2) It is the only species of the Genus in which the rhizome extends out past the last frond and contains buds for the following year’s fronds.
3) Its range includes New England and it is quite common.
It is the second characteristic which, to me nails the identity as Cystopteris protrusa. You’ll remember that I remarked about the rhizome extension and underground buds. This turned out to be a good exercise, a strong learning experience, and it really highlights the need for thoroughness in the field. I literally had to dig a little deeper to find the characteristic that led me to a good identification on this species.  Genuine curiosity is your best tool for exploration.
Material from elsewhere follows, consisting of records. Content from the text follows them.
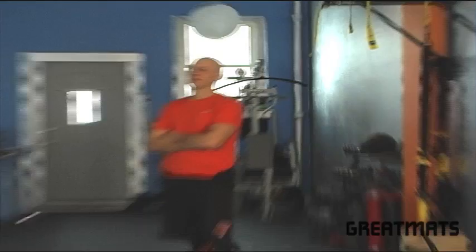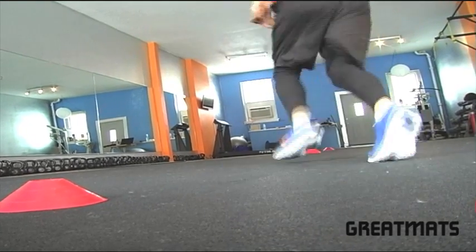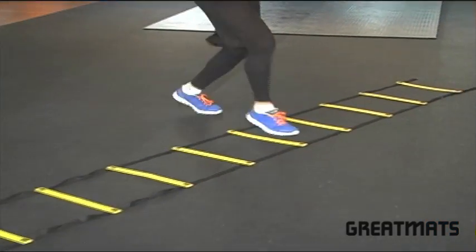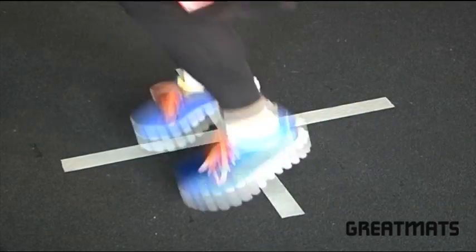Today we're here with Jason of HB Fitness in Minneapolis. Jason has installed our plyometric flooring in his training facility. He says, "I really love doing ladder drills because it's a good combination of plyometric work and stopping and starting skills. I like the tackiness of the floor." Plyometric rubber is guaranteed for a full five years and offers unmatched durability and performance.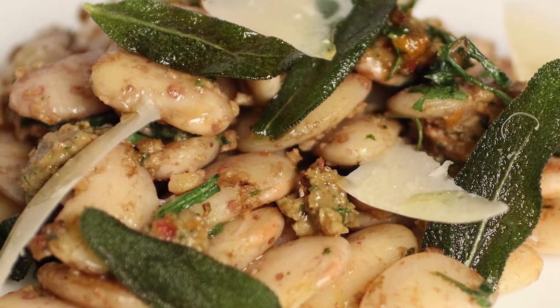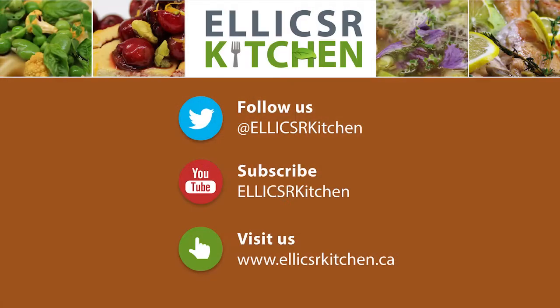Try our recipe for a delicious warm butter bean salad with a walnut and porcini pesto. You can find that at elixerkitchen.ca. We'll see you next time.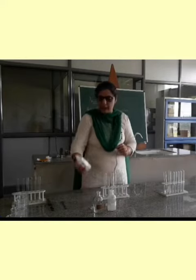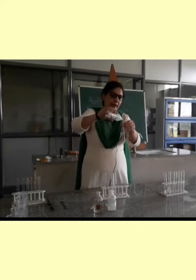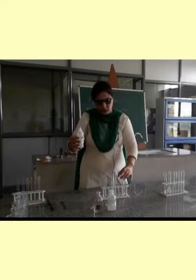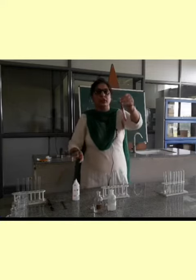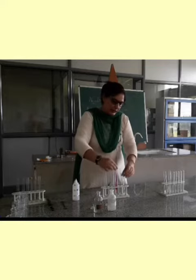Now, phenolphthalein indicator — how does it respond to these? First, I am adding it in. You will notice that there is no change. A little turbidity is only there. And when I am adding it in a base, it is showing a color change. It has turned to magenta.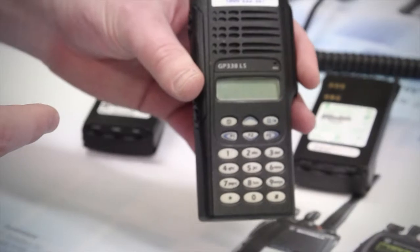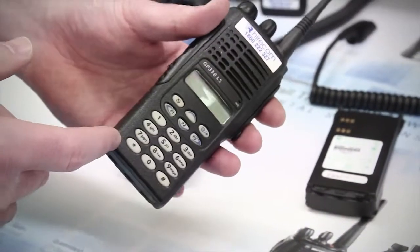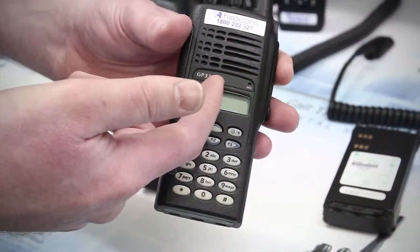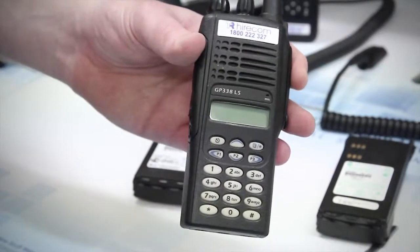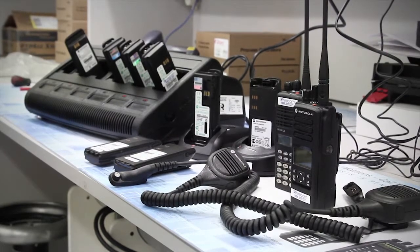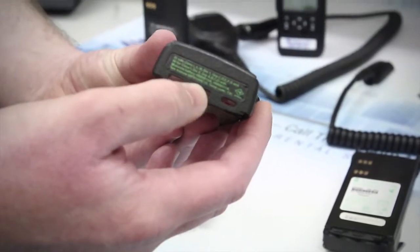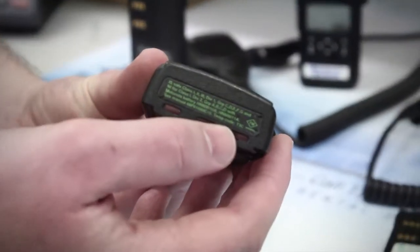There are three parts to check. First off you have the radio. In this demonstration I'll be using a GP338 LS, but you'll find a majority of YRS radios have their FM certification labeled in a similar way. This can be found at the base or bottom of the radio, where you'll find a black FM certification sticker with green writing that includes the rating details.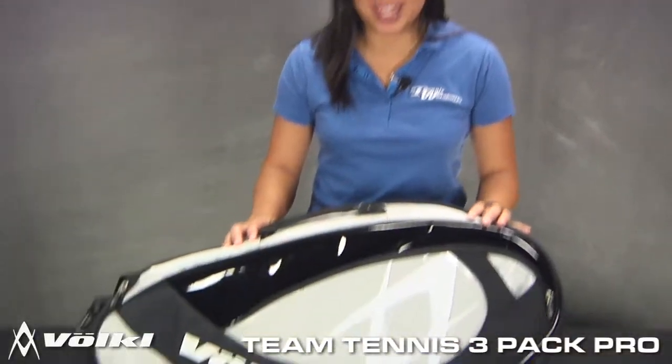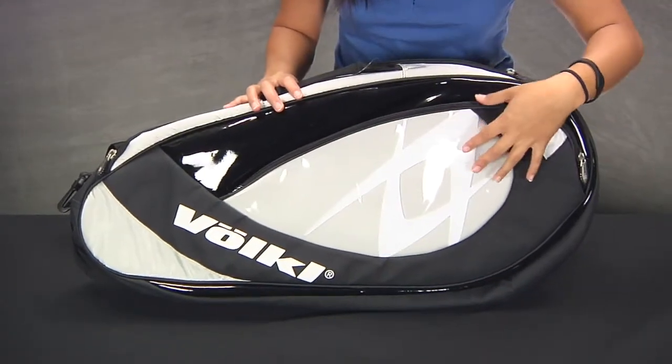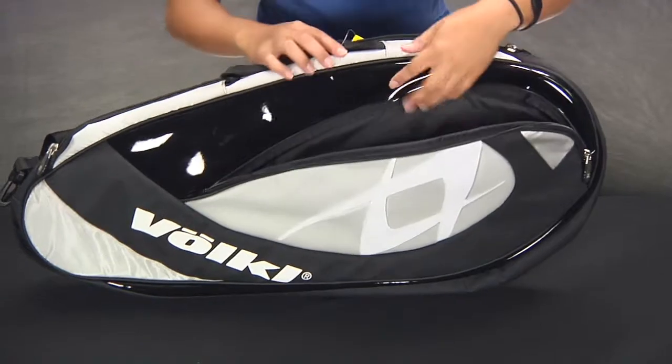Hi, I'm Connie with Tennis Warehouse and we're checking out the Volkl Team 3 Pack Bag. Great design from Volkl — you have a nice little reflective design here, which leads into a large accessory pocket, great for strings, dampeners, anything you want to get to right away.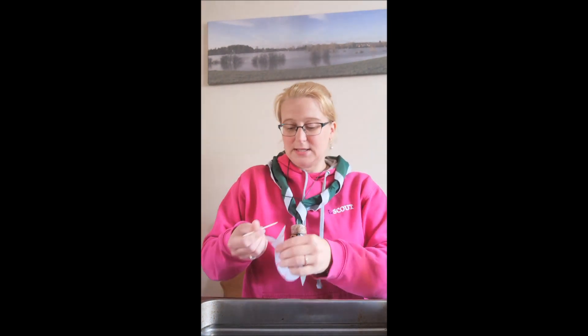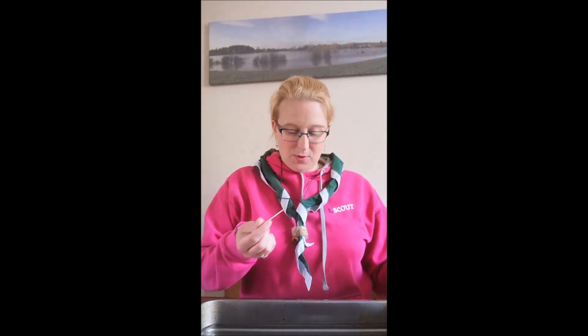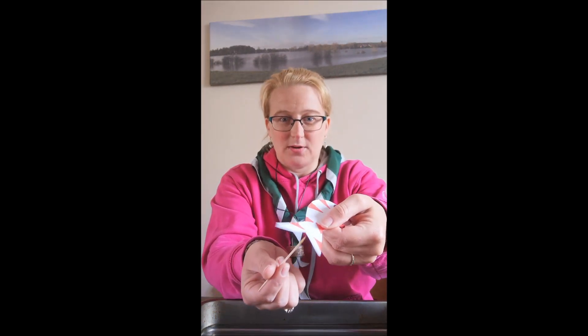I'm just using a cocktail stick here to put it on. You can use your finger, you could use the end of a pencil — anything to help you put it on. The really important part is that you get it right on the V in the middle, on that little bit there. I'm just going to put it on the top and on the bottom to make sure it's covered — just putting it on that little part of the V there.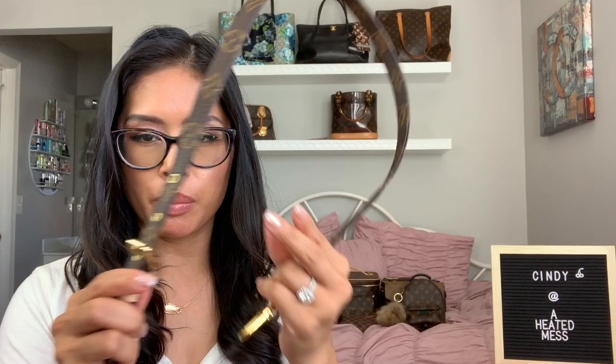Hey everyone, today I have a quick video showing you how to turn your monogram strap into a belt. They do sell this separately — it's about $235, it's the 16 millimeter monogram strap — and it's a little different from the strap that comes with the reverse or the Pochette Metis because it has the LVs on it.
At present, I am not abotanist. I've had zero training. I am however, very curious, and quite persistent. In a year from now, I'll be pretty darn good at idenitfying plants by site in the field. If you faollow along with me on this blog and put what you lean into practice, you just might be too.
Cystopteris protrusa Propagation Revisited
By the way, based on the fact that we know the buds represent the following year’s ferns, I expect that to propagate the creeping fragile fern, this terminal portion of the rhizome would need to be transplanted. This may, or may not, hold true for other species of the genus.